This is fine, I can go home and rest, no one needs to use layer 2. Or… Well it depends.

Having solved a well performing layer 3 fabric, the routing in the underlay does not help me if I want layer 2 mobility between servers, virtual machines etc connected to different layer 3 leafs. This is where the overlay part comes in to the rescue. And to make it a bit more interesting, I will add several overlay layers into the mix.

Overlay in the “underlay”
#

In a Spine/Leaf architecture the most used overlay protocol is VXLAN as the transport plane and BGP EVPN as the control plane. Why use overlay in the physical network you say? Well its the best way of moving L2 over L3, and in a “distributed world” as the services in the datacenter today mostly is we need to make sure this can be done in a controlled and effective way in our network. Doing pure L2 will not scale, L3 is the way. EVPN for multi-tenancy.

Adding VXLAN as the overlay protocol in my spine leaf fabric I can stretch my layer 2 networks across all my layer 3 leafs without worries. This means I can now suddenly have multiple servers physical as virtual in the same layer 2 subnet. To make that happen as effectively and with as low admin overhead as possible VXLAN will be the transport plane (overlay protocol) and again BGP will be used as the control plane. This means we now need to configure BGP in the overlay, on top of our BGP in the underlay. BGP EVPN will be used to create isolation and multi tenancy on top of the underlay. To quickly summarize, VXLAN is the transport protocol responsible of carrying the layer 2 subnets over any layer 3 link in the fabric. BGP and EVPN will be the control plane that always knows where things are located and can effectively inform where the traffic should go. This is stil all in the physical network fabric. As we will see a bit later, we can also introduce network overlay protocols in other parts of the infrastructure.

In the diagram above all my leaf switches has become VTEPs, VXLAN Tunnel Endpoints. Meaning they are responsible of taking my ethernet packet coming from server 1, encapsulate it, send it over the layer 3 links in my fabric, to the destination leaf where server 2 is located. The BGP configured in the overlay here is using an EVPN address family to advertise mac addresses. If one have a look at the ethernet packet coming from server 1 and destined to server 2 we will see some differerent mac addresses, depending on where you capture the traffic of course. Lets quickly illustrate that.

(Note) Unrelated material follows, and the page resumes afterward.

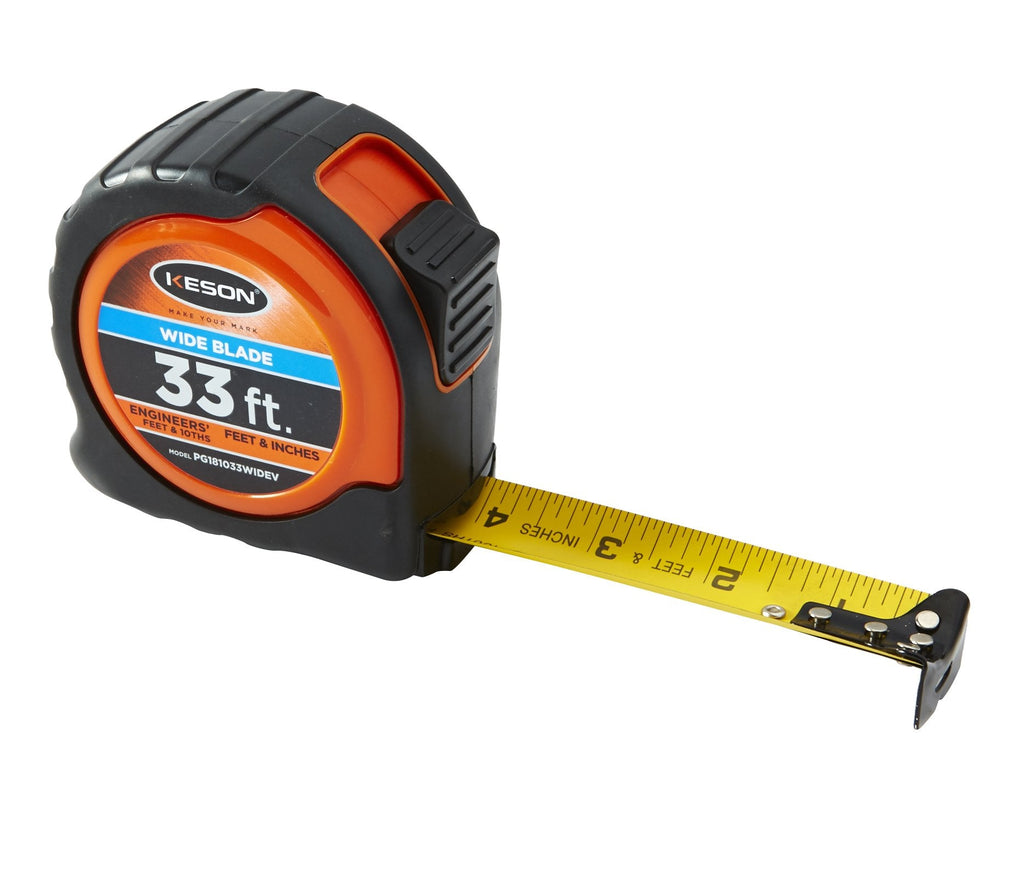  [AUSTRALIA] - Keson PG181033WIDEV Short Tape Measure with Nylon Coated Steel Wide Blade (Graduations: 1/10, 1/100 & ft, in, 1/8), 1-3/16-Inch by 33-Foot ft, in, 1/10, 1/100 & ft, in, 1/8, 1/16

The two switches in the diagram above that will be the best place to look at all packages using tcpdump will be the spine 1 and spine 2 as they are connecting everything together and there is no direct communication between any leaf, they have to go through spine 1 and spine 2.

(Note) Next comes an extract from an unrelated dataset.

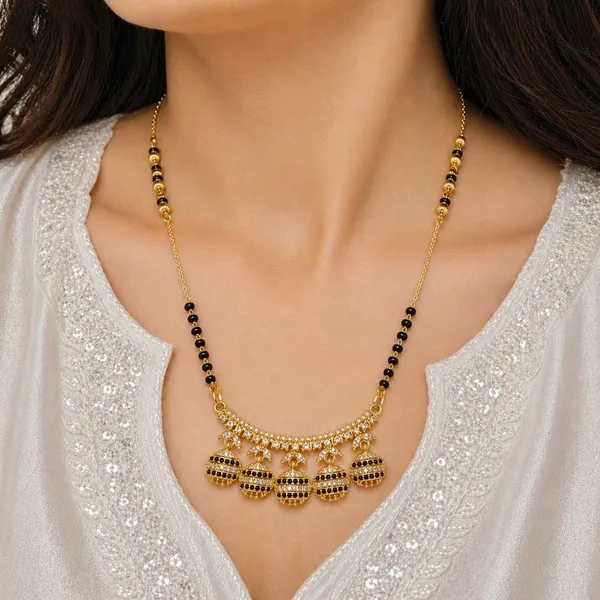 Gold_Stainless_Steel_Ad_Jhumka_Style_Mangalsutra_Pendant_For_Women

If I do a ping from server 1 to server 2 going over my VXLAN tunnel, how will the ethernet packet look like when captured at spine1s ethernet interface 1 (the one connected to leaf1a)?

Looking at the tcpdump below from spine 1 I can clearly see some additional information added to the packet. First I see two mac addresses where source bc:24:11:1d:5f:a1 is my leaf1a and the destination mac address, bc:24:11:4a:9a:d0 is my spine1 switch. The first two ip addresses 10.255.1.3 and 10.255.1.4 is leaf1a and leaf1b VXLAN loopback interfaces respectively with the corresponding mac addresses bc:24:11:1d:5f:a1and bc:24:11:9b:8f:08. Then I get to the actual payload itself, the ICMP, between my server 1 and server 2 where I can see the source and destination ip of the actual servers doing the ping.

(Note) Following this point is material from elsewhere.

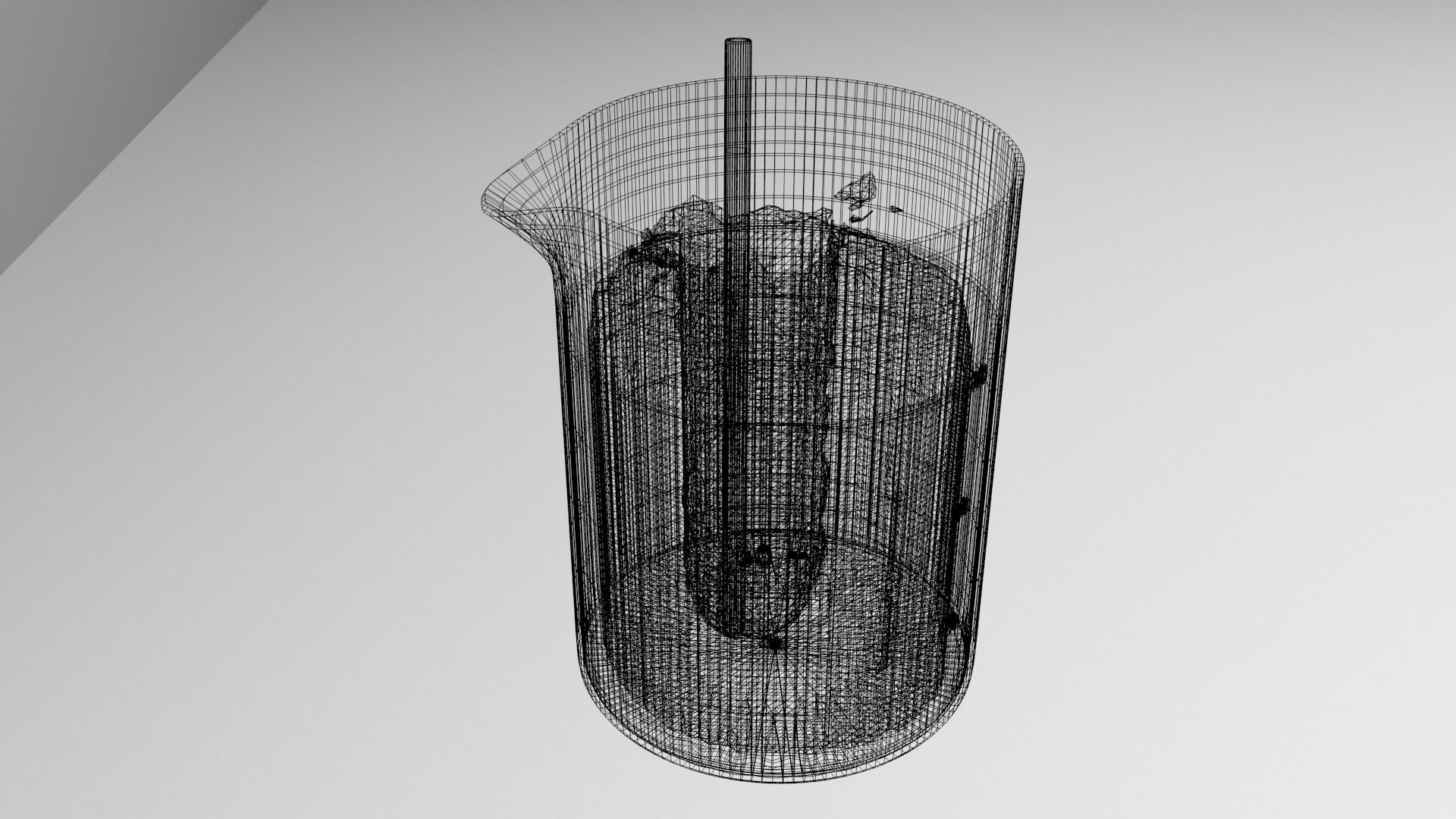 150 ml Glass Beaker with Liquid and Rod 3D model_5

15:44:33.125961 bc:24:11:1d:5f:a1 > bc:24:11:4a:9a:d0, ethertype IPv4 (0x0800), length 148: (tos 0x0, ttl 64, id 0, offset 0, flags [DF], proto UDP (17), length 134)
    10.255.1.3.53892 > 10.255.1.4.4789: VXLAN, flags [I] (0x08), vni 10
bc:24:11:1d:5f:a1 > bc:24:11:9b:8f:08, ethertype IPv4 (0x0800), length 98: (tos 0x0, ttl 63, id 6669, offset 0, flags [DF], proto ICMP (1), length 84)
    10.20.11.10 > 10.20.12.10: ICMP echo request, id 10, seq 108, length 64

A quick explanation on what we are looking at. The ICMP request comes in from server 1 to leaf1a and before it sends it to its destination leaf1b (vtep) it encapsulates the packet by removing some headers and adding some headers. As seen above it is adding an outer header including the source and destination VTEP mac addresses (leaf1a and leaf1b). Spine1 knows of the mac and IP address for both leaf1a and leaf1b. More info on VXLAN encapsulation further down.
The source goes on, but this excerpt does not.